Interestingly, both agents also show the same unintended behavior when oxygen is almost empty and no diver is being carried. In this situation they exploit a game mechanic by staying one or two pixels below the surface. At this position, the oxygen level does not decrease.
The agents then move slightly up and down while shooting enemies, which allows them to survive for a longer time without actually surfacing. This behavior is a form of bug exploitation rather than intended. But still, it is interesting to observe that both agents independently discover this behavior during training.

Overall, the comparison shows that reward shaping, in this case improves how well and how early a good strategy is learned, but not necessarily change the late strategy.

## 6. Observation Space Adjustment

This section describes an experiment where the observation space was modified to reduce noise and to explicitly provide important game information.

### 6.1 Motivation

When looking at the Seaquest game screen, it becomes clear that not all visual information is equally relevant for the agent. 

![SeaquestUI](Picture11.png)


Large parts of the UI, such as score display and background are not relevant.

The idea was that by removing irrelevant regions of the screen, the agent would receive a cleaner input signal and might learn faster due to reduced noise.

![SeaquestUI](Picture12.png)

In addition, information that is important for gameplay, could be given to the agent through other channels.  
The goal was to explicitly provide information to the agent without changing the CNN policy.

To achieve this, two additional channels were added to the observation:
- one channel filled with the current value of RAM[102] (oxygen level),
- one channel filled with the current value of RAM[62] (number of collected divers).

This results in an observation of size 84 × 84 × 3, where:
- channel 1 contains the grayscale game screen,
- channel 2 encodes the oxygen information,
- channel 3 encodes the diver information.

Each of these values is constant across the whole channel, which allows the CNN to process them in the same way as image data.

![SeaquestUI](Picture13.png)
![SeaquestUI](Picture14.png)
![SeaquestUI](Picture15.png)

### 6.4 Results and Observations

![Oberservation Space change Eval](observ1.png)

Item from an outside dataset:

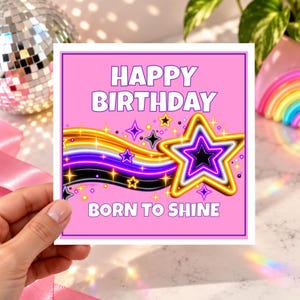 May include: A square greeting card with a pink background featuring the text HAPPY BIRTHDAY and BORN TO SHINE in white. A graphic of a large star with yellow, white, and black outlines sits next to a wavy trail of yellow, white, and black lines.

Overall, the results of this experiment were not very strong.  
Only a really small improvement was observed at the beginng of training. Towards the later timesteps, performance was similar or even slightly worse than the baseline.

In addition, training took significantly longer, due to the increased input size and additional computation.

One possible explanation is that the baseline agent already learns to filter out visual noise early during training.  
Therefore, explicitly removing parts of the observation does not provide a large benefit.

Another reason could be that encoding RAM values as constant image channels is not an efficient way to represent this information. The CNN may not be well suited to interpret such global, non-spatial signals.

Overall, chanigng the observation space increased complexity without impoving the performance.

![Oberservation Space change Eval](observ2.png)


## 7. Summary and Conclusion

In conclusion, QR-DQN was adapted to the Atari game Seaquest using several different approaches.  
Overall, most changes compared to the baseline improved performance in some way.

Reward shaping mainly helped the agent to learn faster. Important behaviors, such as collecting divers and managing oxygen, were discovered much earlier. However, the final performance was often similar to the baseline.

The action-space adjustment was the most effective change. Reducing the number of actions clearly improved early learning and led to better and more stable results.

The observation-space adjustment did not have a strong impact. Removing visual noise and adding RAM information resulted only in small improvements and sometimes even worse performance. This suggests that the baseline setup already works quite well.

Overall, guiding the agent with better rewards and a simpler action space was more useful than changing the observation space.

## 8. Future Work

Reward shaping could be improved more, for example by increasing rewards per collected diver or by preventing bug exploitation.

Further improvements could also come from dedicated hyperparameter tuning or from training directly on the RAM observation space.